TOKAT'ta Ak Parti'den milletvekilliği aday adayı olan Fazilet Parti eski milletvekili Bekir Sobacı, 28 Şubat için 'Sütü bozuk' ifadesini kullanırken bu süreçte ülkedeki bilgilerinin dış istihbarata aktarıldığını iddia etti.

TBMM'de 20 ve 21'inci dönemde milletvekilliği yapan ve Anayasa Mahkemesi'nin Fazilet Partisi'ni kapattığı dönemde üyeliği iptal edilerek yasak getirilen eski milletvekili Bekir Sobacı, 7 Haziran'da yapılacak genel seçimler için Tokat'ta Ak Parti'den milletvekili aday adayı oldu. 12 Nisan 2001 tarihinde TBMM'de yaptığı konuşmada 28 Şubat için 'Sütü bozuk' ifadeleri kullandığı için hakkında Genelkurmay Başkanlığı'nın da suç duyurusunda bulunduğu Sobacı, bugün basın toplantısı düzenleyerek 28 Şubat'ı eleştirdi. Bir otelde basın mensupları ile bir araya gelen Sobacı, bugünkü paralel yapının 28 Şubat ile güçlenip, derinlere kök saldığını iddia etti.

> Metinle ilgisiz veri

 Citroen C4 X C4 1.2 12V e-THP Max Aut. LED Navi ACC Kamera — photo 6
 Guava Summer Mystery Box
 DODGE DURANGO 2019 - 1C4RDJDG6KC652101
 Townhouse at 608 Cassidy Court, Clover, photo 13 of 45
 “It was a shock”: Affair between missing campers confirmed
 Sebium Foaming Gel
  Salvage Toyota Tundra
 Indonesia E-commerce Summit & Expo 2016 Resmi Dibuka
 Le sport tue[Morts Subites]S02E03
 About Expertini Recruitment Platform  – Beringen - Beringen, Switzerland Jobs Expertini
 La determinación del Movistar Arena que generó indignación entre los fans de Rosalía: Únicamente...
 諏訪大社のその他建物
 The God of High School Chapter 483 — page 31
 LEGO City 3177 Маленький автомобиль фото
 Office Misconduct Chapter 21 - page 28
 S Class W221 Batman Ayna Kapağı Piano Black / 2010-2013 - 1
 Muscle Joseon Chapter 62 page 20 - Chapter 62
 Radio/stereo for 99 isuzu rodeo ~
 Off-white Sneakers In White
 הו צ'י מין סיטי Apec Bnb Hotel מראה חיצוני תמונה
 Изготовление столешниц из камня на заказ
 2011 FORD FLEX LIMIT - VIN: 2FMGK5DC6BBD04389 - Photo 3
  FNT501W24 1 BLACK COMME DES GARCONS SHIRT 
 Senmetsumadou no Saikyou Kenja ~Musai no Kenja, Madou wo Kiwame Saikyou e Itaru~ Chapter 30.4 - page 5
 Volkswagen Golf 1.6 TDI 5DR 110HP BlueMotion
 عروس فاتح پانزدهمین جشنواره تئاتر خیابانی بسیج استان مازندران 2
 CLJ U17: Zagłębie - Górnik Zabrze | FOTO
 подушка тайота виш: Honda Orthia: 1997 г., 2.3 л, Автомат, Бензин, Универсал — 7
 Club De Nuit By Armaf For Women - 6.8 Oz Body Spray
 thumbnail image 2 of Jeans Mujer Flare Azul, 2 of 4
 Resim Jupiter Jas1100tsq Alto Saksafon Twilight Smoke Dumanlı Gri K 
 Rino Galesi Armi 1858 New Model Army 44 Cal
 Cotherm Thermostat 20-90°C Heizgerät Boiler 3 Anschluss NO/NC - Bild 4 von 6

2001 yılında yaşanan ekonomik krizin 28 Şubat sürecinde planlandığını ifade eden Sobacı şöyle dedi:

"Bugün dinleme ve diğer operasyonlarla Ak Parti hükümetini devirme planlarının yapıldığı ve orada görev yapmış olan emniyet mensuplarını hizmet yıllarına bakmış olduğumuzda başlangıç tarihi itibariyle 28 Şubat sürecinin tarihi ile üst üste örtüştüğünü görüyoruz. Bir plan vardı ve bu plan orada uygulanmaya başladı. Fethullah Gülen'in 28 Şubat’taki tavırları itibariyle 'Şefaatim Ecevit'e olacaktır', Refah Yol hükümeti ile ilgili olarak 'Beceremediniz çekin gidin' ifadeleri boşa söylenmiş ifadeler değildi. Sonuçta ABD'ye gidiş yılı 1999 yılıdır. 28 Şubat sürecinde Türkiye'nin en mahrem bilgilerinin dış ülke istihbaratına çok rahat olarak sunulduğu kanaatindeyim. 28 Şubat'la ilgili olarak siyasi yasaklanmam görünürde başörtüsüdür ama asıl sebep TBMM'de yaptığım 28 Şubat sürecini eleştiren konuşmamdır. O tarihlerde Genelkurmay Başkanlığı hakkımızda suç duyurusunda bulunmuştu. Ama kürsü masumiyeti sebebi ile o mevzuat bizi operasyonlar ya da mahkeme safhasından korumuş oldu. O suç duyurusu ile hedef haline getirildik. Anayasa Mahkemesi'nde Nazlı Ilıcak, Merve Kavakçı ve ben yasaklanmıştık. Bu konuda benim hiç keşkem olmadı. Yani konuşmasaydım diye hiç bir şey düşünmedim. Bunların da özgür mecliste, milli iradenin tecelligahında konuşulması gerektiği kanaatindeyim. Çünkü meclis bu milletin iradesinin tecelli ettiği yer ise orada her şey konuşulacaktır. Açık yürek ve cesaretle konuşulması gerekir."